▸ **WHAT YOU SHOULD DO**: Would you transcribe exactly the lines from the beginning of the records below through the line with "A Twenty Dollar", both included, omitting the pictures?

▸ **LISTED RECORDS**:
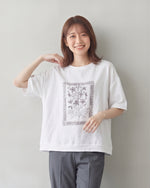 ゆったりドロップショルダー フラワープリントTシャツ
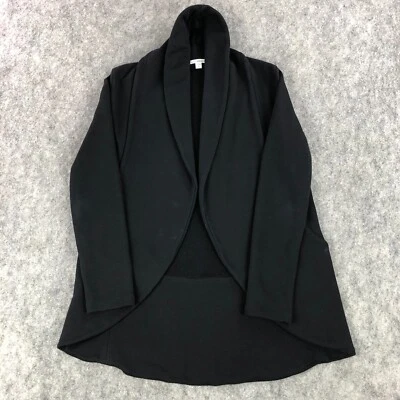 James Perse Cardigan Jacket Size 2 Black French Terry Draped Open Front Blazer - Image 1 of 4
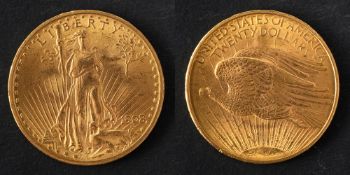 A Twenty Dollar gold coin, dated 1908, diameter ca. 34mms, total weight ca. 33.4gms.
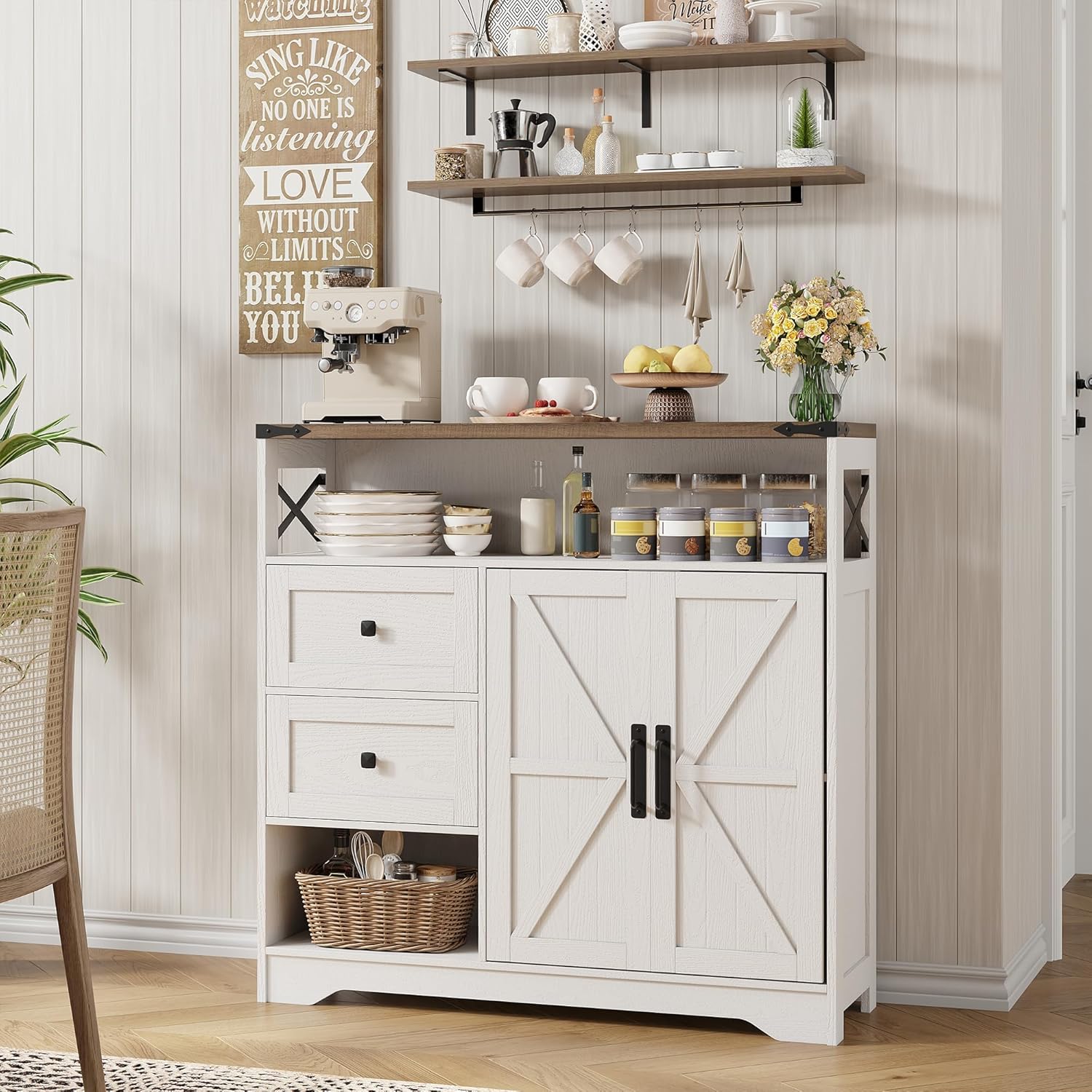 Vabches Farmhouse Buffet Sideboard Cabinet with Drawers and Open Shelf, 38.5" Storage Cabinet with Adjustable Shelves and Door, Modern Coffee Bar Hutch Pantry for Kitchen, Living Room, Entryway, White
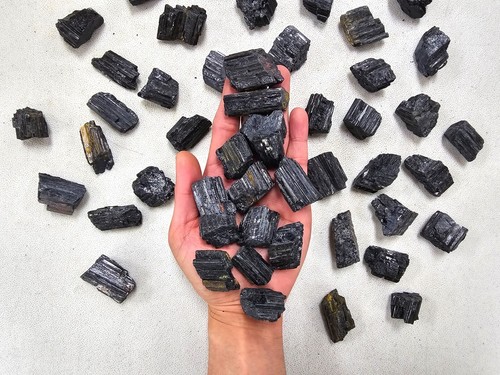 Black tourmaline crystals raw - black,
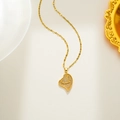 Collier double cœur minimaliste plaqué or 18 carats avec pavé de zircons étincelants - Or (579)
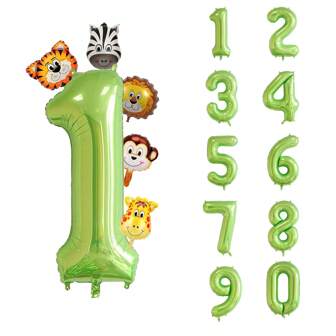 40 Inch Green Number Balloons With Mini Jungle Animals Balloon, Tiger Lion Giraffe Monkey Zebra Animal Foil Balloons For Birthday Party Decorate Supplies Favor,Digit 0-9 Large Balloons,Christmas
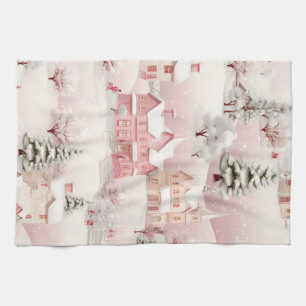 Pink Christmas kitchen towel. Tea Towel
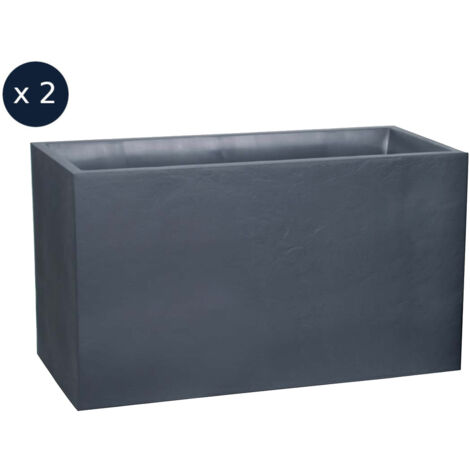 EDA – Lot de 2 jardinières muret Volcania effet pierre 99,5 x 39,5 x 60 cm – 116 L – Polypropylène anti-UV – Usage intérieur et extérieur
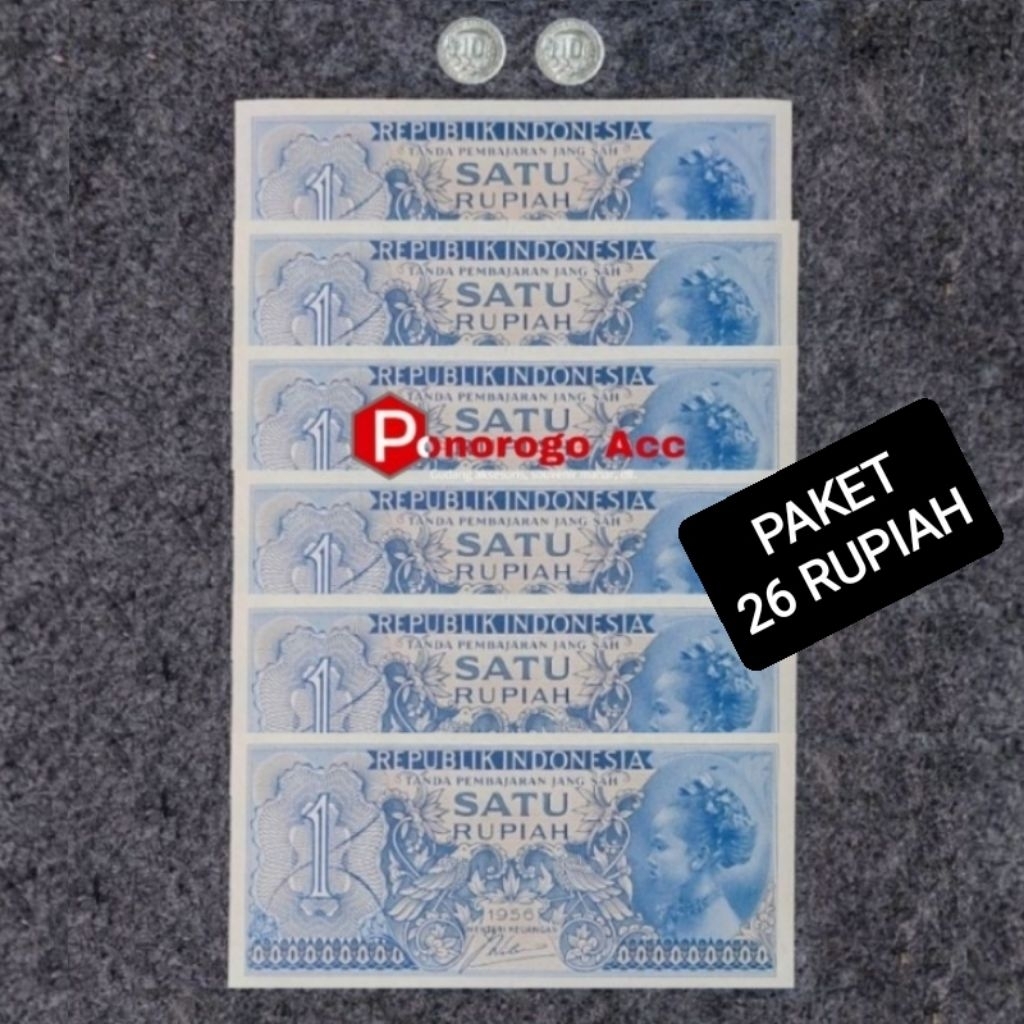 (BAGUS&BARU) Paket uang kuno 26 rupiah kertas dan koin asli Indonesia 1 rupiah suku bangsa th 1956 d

▸ **WRITTEN ANSWER**:
 ゆったりドロップショルダー フラワープリントTシャツ
 James Perse Cardigan Jacket Size 2 Black French Terry Draped Open Front Blazer - Image 1 of 4
 A Twenty Dollar gold coin, dated 1908, diameter ca. 34mms, total weight ca. 33.4gms.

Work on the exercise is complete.